Pour les Maçons opératifs, toute allusion écrite ou dessinée aux Secrets du Métier eût été une sorte de violation du secret professionnel. es Secrets touchaient soit aux techniques de l’art de bâtir soit aux modes de reconnaissances réservés aux seuls ouvriers qualifiés. Le secret professionnel, dans sa conception archaïque se trouve ainsi sacralisé, d’où la criminalité particulière de sa violation et la gravité des sanctions comminées. Les plus anciens rituels ne sont pas parvenus jusqu’à nous en raison de cette malédiction contre tout graphisme, que la Franc-Maçonnerie conserva même lorsqu’elle se fit spéculative, l’aggravant même par l’adjonction de supplices symboliques que l’on connaît, et qui, en dépit de leur apparence archaïque, ne remontent pas jusqu’aux Opératifs. Ni les Old Charges ni les Constitutions d’Anderson ne décrivent les Rites d’Initiation, dont la transmission de génération en génération demeurait religieusement orale.

En 1730 se produisit un retentissant scandale. Un nommé Prichard divulgua les rituels. Sa trahison devait s’avérer bénéfique pour les historiens qui, aujourd’hui, savent grâce à lui ce qu’étaient nos Cérémonies les plus anciennes ! De son temps, il devint vite la providence des Vénérables paresseux ou à la mémoire rétive, qui trouvèrent infiniment plus facile d’apprendre par cœur le Rituel dans un texte écrit. La malédiction antique n’en survécut pas moins, et survit encore de nos jours dans la longue formule de l’Obligation du Rite Emulation et sa longue énumération de tous les moyens imaginables d’écrire, buriner, sculpter, marquer, graver, etc. L’Ordre s’est départi depuis longtemps de ces interdictions d’un autre âge. Il autorise même l’impression des rituels.

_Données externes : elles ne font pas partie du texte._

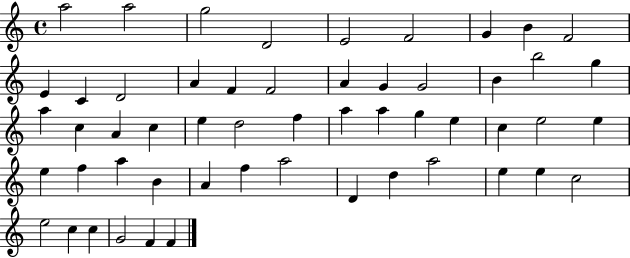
{
  \clef treble
  \time 4/4
  \defaultTimeSignature
  \key c \major
  a''2 a''2 | g''2 d'2 | e'2 f'2 | g'4 b'4 f'2 | \break e'4 c'4 d'2 | a'4 f'4 f'2 | a'4 g'4 g'2 | b'4 b''2 g''4 | \break a''4 c''4 a'4 c''4 | e''4 d''2 f''4 | a''4 a''4 g''4 e''4 | c''4 e''2 e''4 | \break e''4 f''4 a''4 b'4 | a'4 f''4 a''2 | d'4 d''4 a''2 | e''4 e''4 c''2 | \break e''2 c''4 c''4 | g'2 f'4 f'4 | \bar "|."
}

Les constituants de l’ACT OF UNION de 1813 s’étaient heurtés à une difficulté : comment concilier deux exigences, à savoir celle de l’oralité, encore en vigueur au moins théoriquement, et celle de préserver la fixité du Rituel, de le mettre à l’abri des inévitables variantes locales et autres déformations ? La difficulté fut résolue par la fondation de l’Emulation Lodge of Improvement en 1823, laquelle demeure de nos jours le conservatoire de la pureté du Rituel est la première Loge d’Instruction.

L’Emulation Lodge of Improvement a pu de bon droit affirmer depuis sa fondation qu’elle n’avait pas altéré une virgule du texte de la Loge of Reconciliation dont l’œuvre avait été l’Act of Union. La recherche historique a permis depuis lors de reconstituer dans leur ensemble ce qu’avaient été les Cérémonies au XVIIIème siècle, tant celles en usage chez les Anciens que celles en usage chez les Modernes. On aboutit à une double constatation : Celle du nombre important de superpositions rituéliques sur le fond d’origine. C’est ainsi que naquirent les divers « Rites ». En Grande Bretagne, le phénomène devait se produire jusqu’en plein XIXème siècle. Ainsi naquirent les Rites de Bristol, Logic, Stability et d’autres encore. Sur le continent, ces adjonctions furent beaucoup plus importantes. Par exemple, le Rite Ecossais Rectifié devait imprimer au Rituel sa marque chevaleresque et chrétienne et le Rite Ecossais Ancien et Accepté celle, capitale, de l’Hermétisme.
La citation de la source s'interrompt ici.